In a recent Books & Culture, there is an article on Benjamin Franklin’s interest in business, which was an aspect of his life that he kept from the public since business was considered unbecoming of a person of any importance. The article ends by highlighting how Franklin’s capitalistic sensibility is a mark of the Enlightenment.

Commercial capitalism has been so routinely disparaged for so long by American intellectuals that we have some difficulty crediting how very happily the Enlightenment embraced commercial capitalism as Nature's own system of merit over against unearned aristocratic title. Gary Nash's recent attempt to re-cast the American Revolution as a proletarian uprising, more concerned with "elementary political rights and social justice, rather than the protection of property and constitutional liberties," misses utterly how genuinely revolutionary the protection of property and constitutional liberty was in a world of absolute autocrats and talentless courtiers. Precisely because the self-made man of commerce appeared to the philosophes as a manifestation of the operation of reason and nature, Voltaire sang an unashamed song of admiration for the calculating, dispassionate self-promotion of the bourgeoisie:

I don't know which is the more useful to the state, a well-powdered lord who knows precisely what time the king gets up in the morning and what time he goes to bed, and who gives himself airs of grandeur while playing the role of slave in a minister's antechamber, or a great merchant who enriches his country, sends orders from his office to Surat and to Cairo, and contributes to the well-being of the world.

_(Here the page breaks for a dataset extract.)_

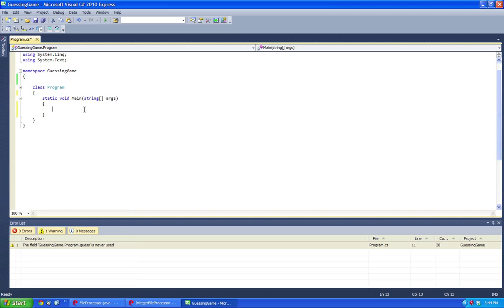Hello YouTube, so today I'll be showing you how to make a guessing game using Visual C-Sharp using a console application.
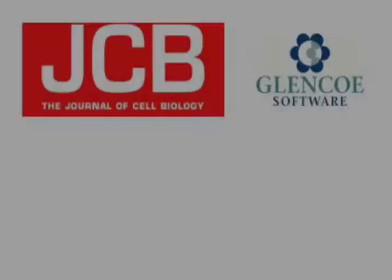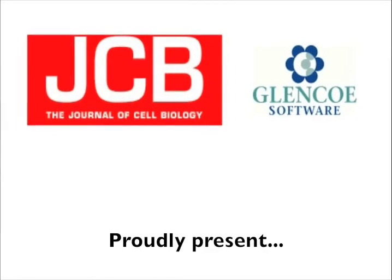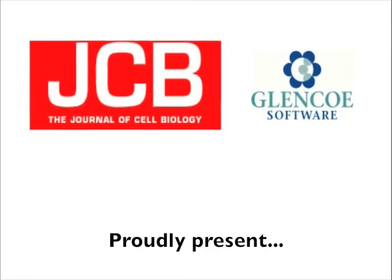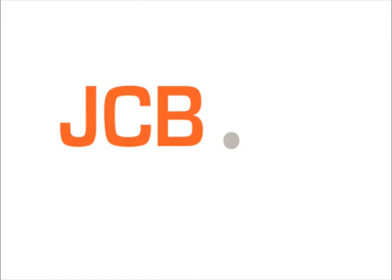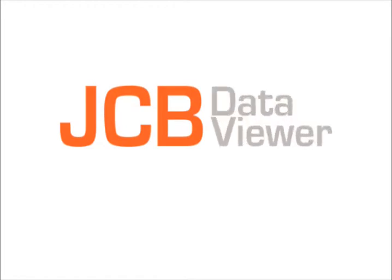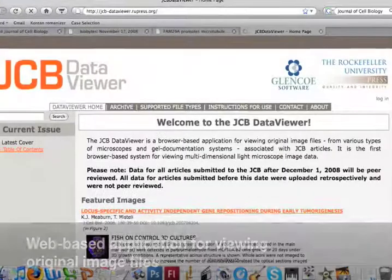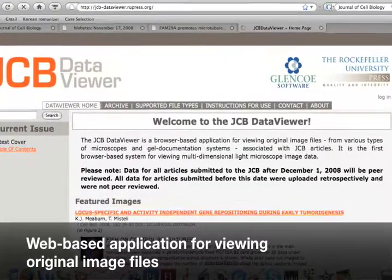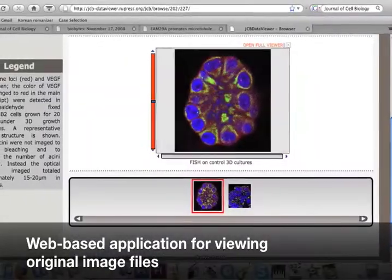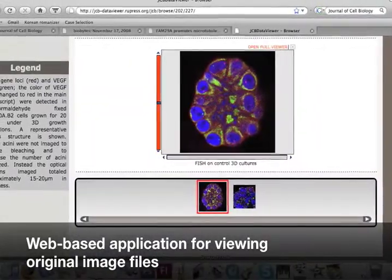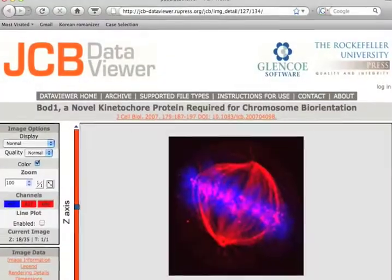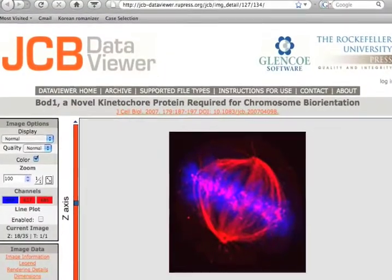The Journal of Cell Biology and Glencoe Software proudly present the JCB Data Viewer, the first web-based application for viewing original image files. This unique browser-based application allows you to interact with the image that you see and perform some simple analyses.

No one in revolutionary America lived up to this reputation more than Franklin. It represents a fatal inversion of Franklin's own expectations that no reputation today has lesser standing among the Revolution's scholars than that of the "great merchant." And none plays a smaller role in the modern-day marketing of Benjamin Franklin.

—Allen C. Guelzo, “Capitalist Tool” in Books and Culture

Comments

Anonymous said…
Ayn Rand's disciples would certainly agree with this reading of the Englightenment.
Unknown said…
I think your basic point is correct: the founding fathers certainly weren't fighting for the oppressed masses. That being said, even in early America there was a constant conflict between Jefferson and Hamilton. Among other issues, this was about how the United States should conduct itself economically. I think it is more constructive to view the enlightenment figures as anti-mercantilism than pro-capitalism.